(Short web captions)
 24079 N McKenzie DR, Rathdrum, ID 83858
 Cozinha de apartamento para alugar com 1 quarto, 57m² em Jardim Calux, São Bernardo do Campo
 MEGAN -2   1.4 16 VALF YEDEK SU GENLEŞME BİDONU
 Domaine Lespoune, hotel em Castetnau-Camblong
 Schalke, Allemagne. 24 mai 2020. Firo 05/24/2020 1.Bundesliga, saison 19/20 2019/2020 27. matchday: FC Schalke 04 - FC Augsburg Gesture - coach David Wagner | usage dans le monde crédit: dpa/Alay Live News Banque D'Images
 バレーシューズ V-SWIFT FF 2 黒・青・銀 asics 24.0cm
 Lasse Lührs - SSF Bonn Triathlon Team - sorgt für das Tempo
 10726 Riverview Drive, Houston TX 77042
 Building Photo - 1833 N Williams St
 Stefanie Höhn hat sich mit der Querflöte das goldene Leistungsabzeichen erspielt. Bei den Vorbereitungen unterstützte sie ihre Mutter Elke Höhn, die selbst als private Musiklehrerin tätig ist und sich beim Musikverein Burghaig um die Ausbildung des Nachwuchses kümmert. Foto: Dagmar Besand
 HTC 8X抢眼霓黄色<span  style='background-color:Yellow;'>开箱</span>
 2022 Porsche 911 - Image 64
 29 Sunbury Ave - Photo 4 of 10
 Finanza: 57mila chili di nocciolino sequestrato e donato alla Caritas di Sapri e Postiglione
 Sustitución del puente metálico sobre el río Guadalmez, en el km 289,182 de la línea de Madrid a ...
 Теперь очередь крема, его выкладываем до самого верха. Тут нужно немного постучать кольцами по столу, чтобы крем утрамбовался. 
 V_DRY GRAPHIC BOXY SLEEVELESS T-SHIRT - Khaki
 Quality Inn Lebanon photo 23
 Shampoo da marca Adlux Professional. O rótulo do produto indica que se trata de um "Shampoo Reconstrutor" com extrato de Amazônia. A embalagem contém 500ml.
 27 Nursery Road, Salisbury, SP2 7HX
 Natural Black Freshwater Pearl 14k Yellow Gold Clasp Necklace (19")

— TASK REQUIREMENTS —
Scan the records above for the lines holding "Sustitución del puente" and "V_DRY GRAPHIC BOXY". Transcribe those two and every line between them word for word, and no others.

— REPLY TO THE TASK —
 Sustitución del puente metálico sobre el río Guadalmez, en el km 289,182 de la línea de Madrid a ...
 Теперь очередь крема, его выкладываем до самого верха. Тут нужно немного постучать кольцами по столу, чтобы крем утрамбовался. 
 V_DRY GRAPHIC BOXY SLEEVELESS T-SHIRT - Khaki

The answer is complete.